One of the biggest songs on South African radio in 2016 was Babes Wodumo’s “Wololo”. Deejays previously associated with mainstream ‘house’ music have been riding the wave since, with Euphonik’s atrocious “Tholukuthi Hey” the latest addition. Bhizer’s “Gobisiqolo” is a guaranteed hit at taverns; Busiswa’s inclusion onto it helped notch it up a few drunken nights into the consciousness of party-hungry Mzansi massive.
Bhizer’s one of the few visible artists whose roots go deep in the Durban gqom scene, which has bubbled and remained ignored until Babes’ hit made it acceptable to showcase in the mainstream.

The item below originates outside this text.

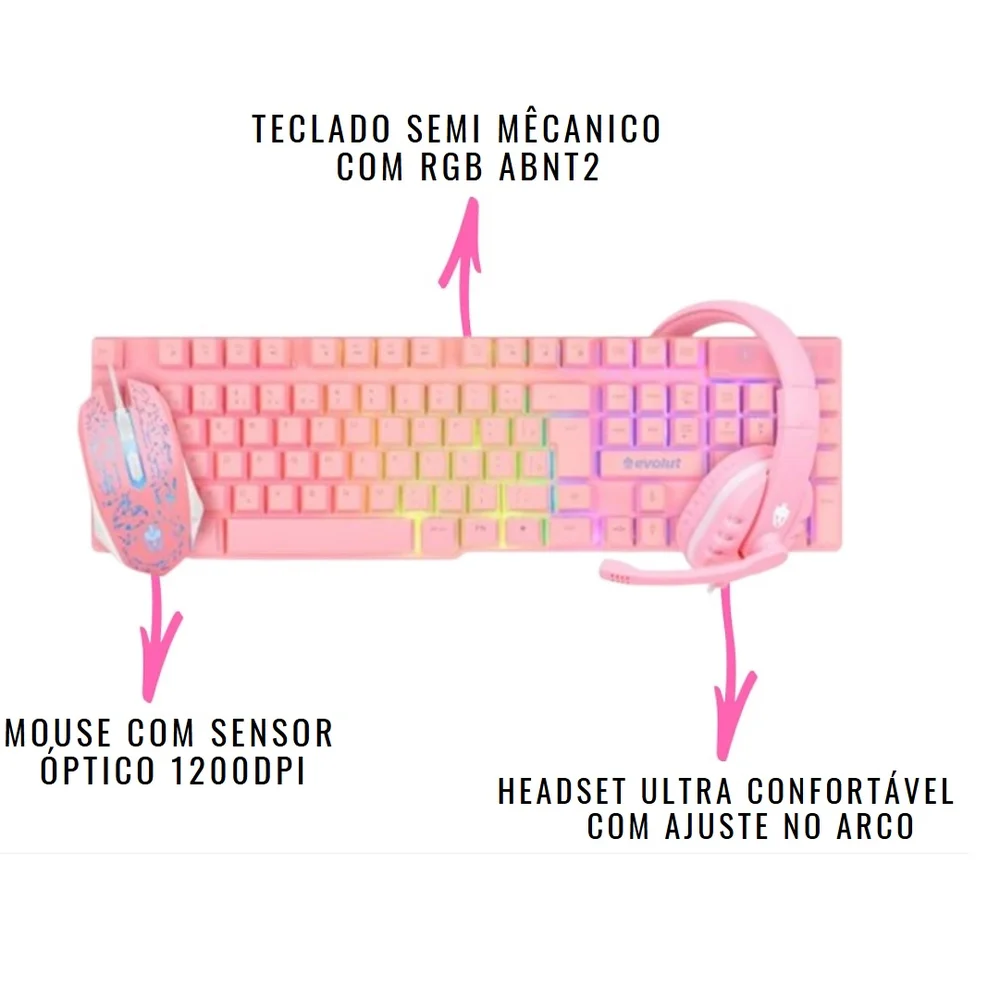 PC Gamer Rosa Pink Feminino Completo Intel Core I5 Memoria Ram 16gb SSD 240GB Monitor HDMI Kit Gamer - view 2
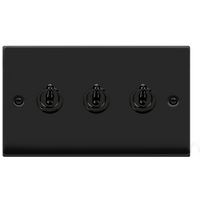 Matt Black 3 Gang 2 Way 10AX Toggle Light Switch - Matt Black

In 2017, Distruction Boyz are on rotation in clubs and taverns. Full-capacity stadiums rattle when “Omunye” or “Mandess”, songs off of their debut, gold-certified debut album Gqom Is The Future, get played. The duo comprising Cue and Gold are on the verge of re-modelling our collective Dezemba experience.
It wasn’t always like this.
On a trip to Durban in 2014, it became clear that the reason gqom wasn’t blowing up was because the right people weren’t fucking with it. And when these people — the likes of Afrotainment and their gatekeeper friends — finally saw how the scene can benefit them, they opened the gates; cut the tape; let the kids through. In a span of 18 months, gqom moved from an Internet-only obsession with a few ‘international’ fingers dipping in for their Eurocentric fulfillment, to a genre that’s played on Ukhozi FM — a radio station which wouldn’t playlist cats’ songs back in the cut because they weren’t mixed properly enough, and because they made drug references in their lyrics.
El. Oh. El!
Blaqboy Music Presents Gqom Wave is a newly-released documentary film that attempts to centre DJ Maphorisa as the face of gqom. It accompanies his similarly-titled compilation album. Though a fine watch, it largely overlooks gqom’s central figures, in a move that seems almost deliberate in how it obfuscates the truth.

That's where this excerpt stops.